__What the task asks__
Take the listing below and write it out again exactly, skipping any picture that it holds.

__Data block__
****************************************

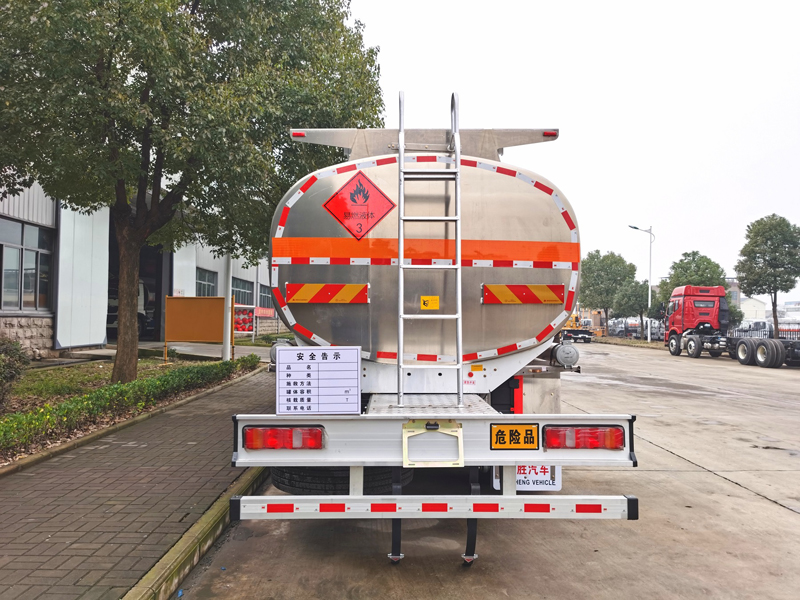 國六重汽汕德卡后八輪油罐車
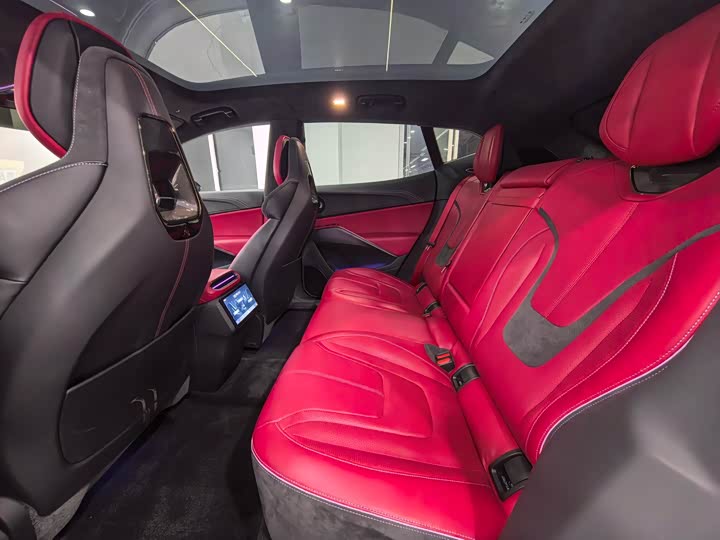 Фото 5 - Lotus Eletre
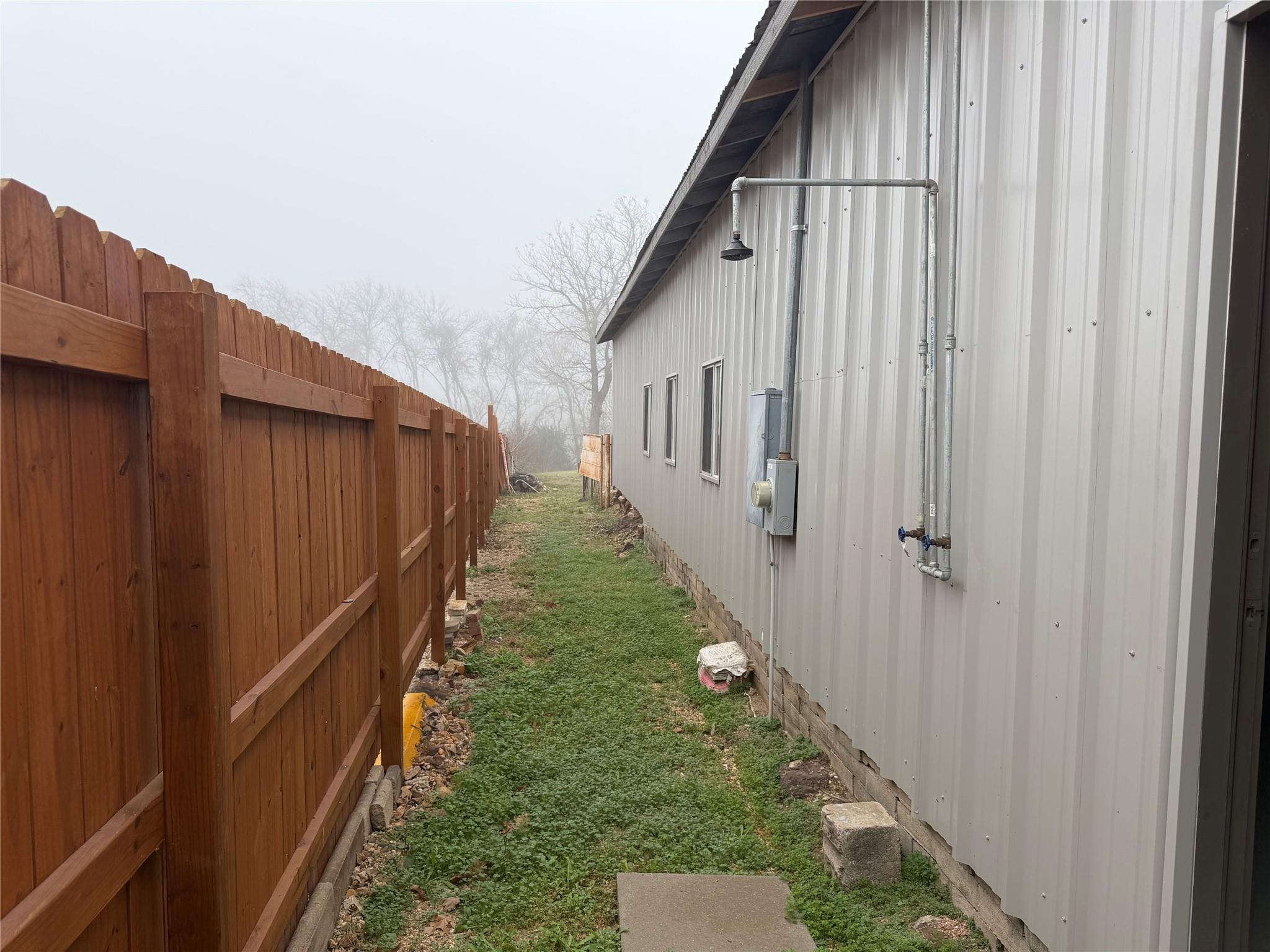 1541 E Pierce St, Luling, TX 78648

****************************************

__Expected answer__
 國六重汽汕德卡后八輪油罐車
 Фото 5 - Lotus Eletre
 1541 E Pierce St, Luling, TX 78648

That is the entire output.